INFORMATION PROVIDED START

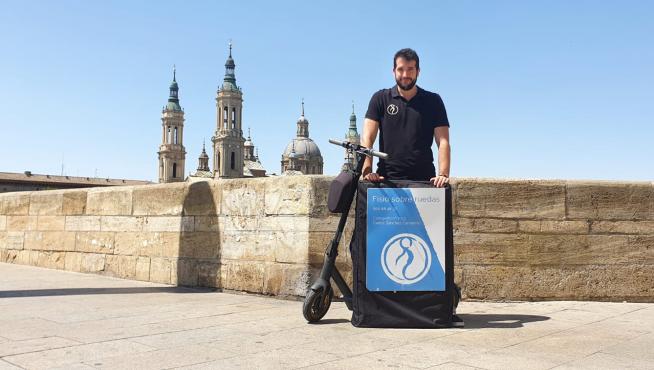 Carlos Sánchez, el fisio sobre ruedas, con su patinete y camilla, en el puente de Piedra de Zaragoza, este viernes.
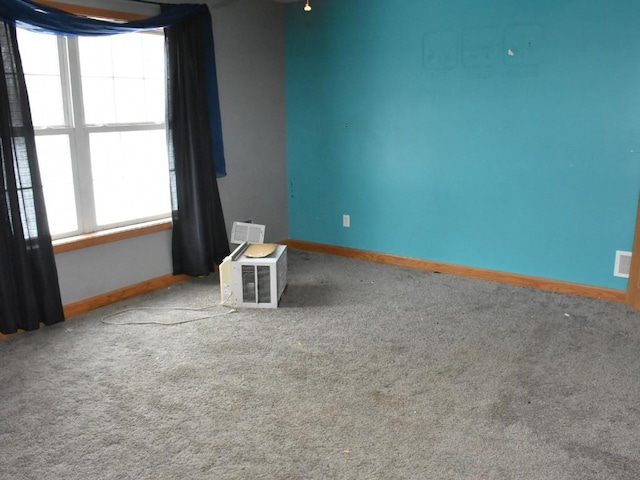 unfurnished room featuring carpet and baseboards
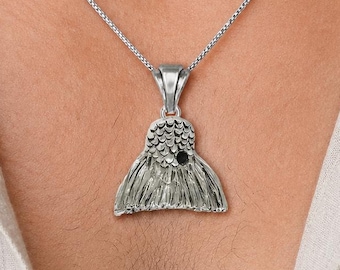 May include: A silver-toned pendant shaped like a fish tail, featuring a textured scale pattern and a small, dark circular accent at the top. The pendant hangs from a thin, metallic box chain necklace that rests against a light-colored collared shirt.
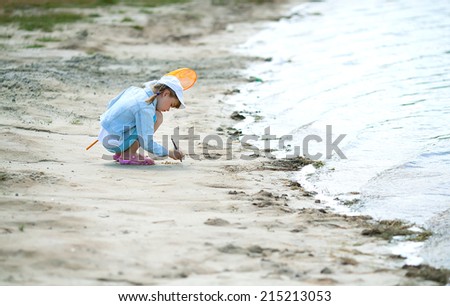 girl in a cap on the beach with a net draws on the beach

INFORMATION PROVIDED END

PROMPT
Word for word, reproduce each line from the one with "unfurnished room featuring" through the last line of the material above, both included, and drop the pictures.

ANSWER SECTION
 unfurnished room featuring carpet and baseboards
 May include: A silver-toned pendant shaped like a fish tail, featuring a textured scale pattern and a small, dark circular accent at the top. The pendant hangs from a thin, metallic box chain necklace that rests against a light-colored collared shirt.
 girl in a cap on the beach with a net draws on the beach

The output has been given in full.